Production Department

More sophisticated digital technology is allowing crews to do more with less, but the business side of filmmaking is expanding as opportunities to make cost-efficient independent documentaries expand into international markets and coproduction. Today you can’t just make and sell a good documentary; it will need publicity, international showings, and “outreach”—that is, you will need to show how, using supplementary publications and showings, you expect the film to lead an active life serving special-interest groups.

Producer

An independent producer might work in an urban area with a number of directors and resemble a literary agent. With ten directors, there might be upward of 30 viable documentary ideas to shop around at any given time. The effective producer is socially adept and a highly articulate salesperson. He or she brings film ideas and sample films and makes pitches at documentary marketplaces such as the Amsterdam International Documentary Festival or the Independent Feature Project (IFP) Market in New York. The producer makes deals with the commissioning editors from cable and television channels at such gatherings, something many filmmakers are diffident about doing. Television representatives who are hunting new ideas and talent scouting for promising filmmakers then compete to develop cofinancing deals for the products they want.

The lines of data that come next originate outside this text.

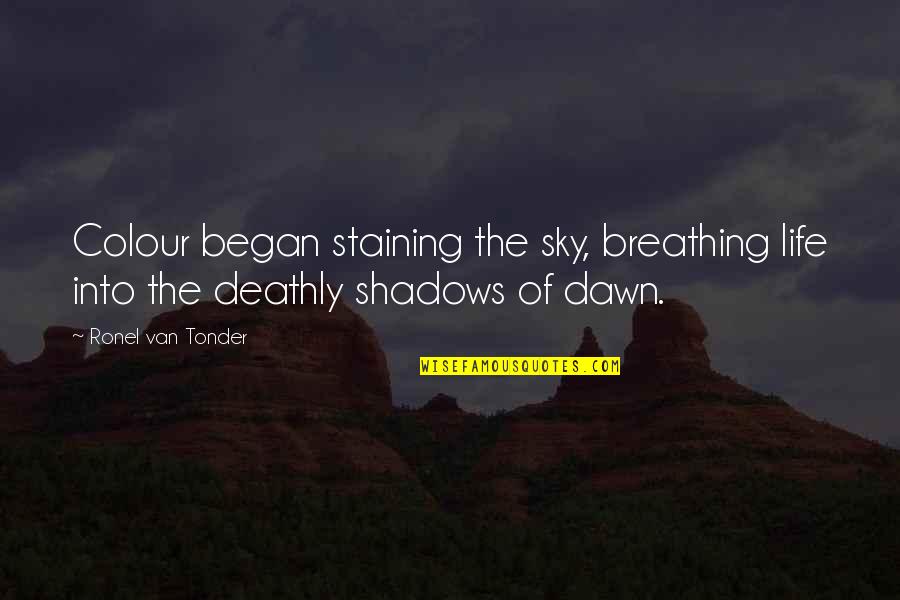 Asadorian Inc Quotes By Ronel Van Tonder: Colour began staining the sky, breathing life into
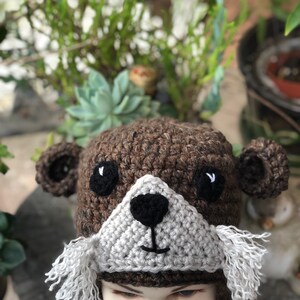 Sea Otter Hat, Crochet Sea Otter Hat, Crochet Otter Hat, Otter Beanie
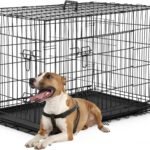 FDW | 36″ Foldable Metal Dog Crate | Black | Cage for Medium Dogs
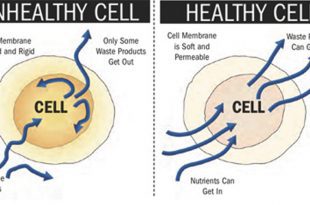 Cell Health is Good Health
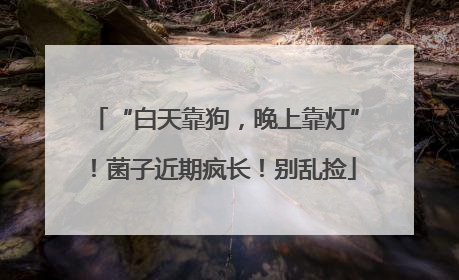 “白天靠狗，晚上靠灯”！菌子近期疯长！别乱捡
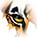 TigerTMS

ifig0003.jpg Marketing your documentaries—before and after you make them—is vital to your survival. Most film craftspeople hate the business side of filmmaking, so there’s a real need for specialized, entrepreneurial producers. Film schools are beginning to train them.

The ideal producer combines the abilities of agent, salesperson, production manager (if he or she works closely with productions), and accountant. She or he knows the changing world of documentary and its audiences, can estimate and monitor costs during production, and can confidently discuss all aspects of proposals and cofinancing. A producer ensures that the finished product gets full publicity, since films sink without a trace if nobody publicizes their existence.

All this takes a special temperament, and a producer should never be a wannabe director. He or she should love documentary and enjoy nurturing production. Anyone with good taste and a stable of impressive production groups will, like a literary agent, become trusted and sought after by overworked commissioning editors, who look to the best producers in search of original work.

In a large organization, producers are often senior administrators with long experience at production, and they can be very supportive and helpful. You may work with assistant producers and a line producer (assigned only to the production and who probably manages the budget and negotiates with vendors), as well as a unit production manager. While producers have creative input and even creative control, the rest of their staff contributes logistical assistance and financial management.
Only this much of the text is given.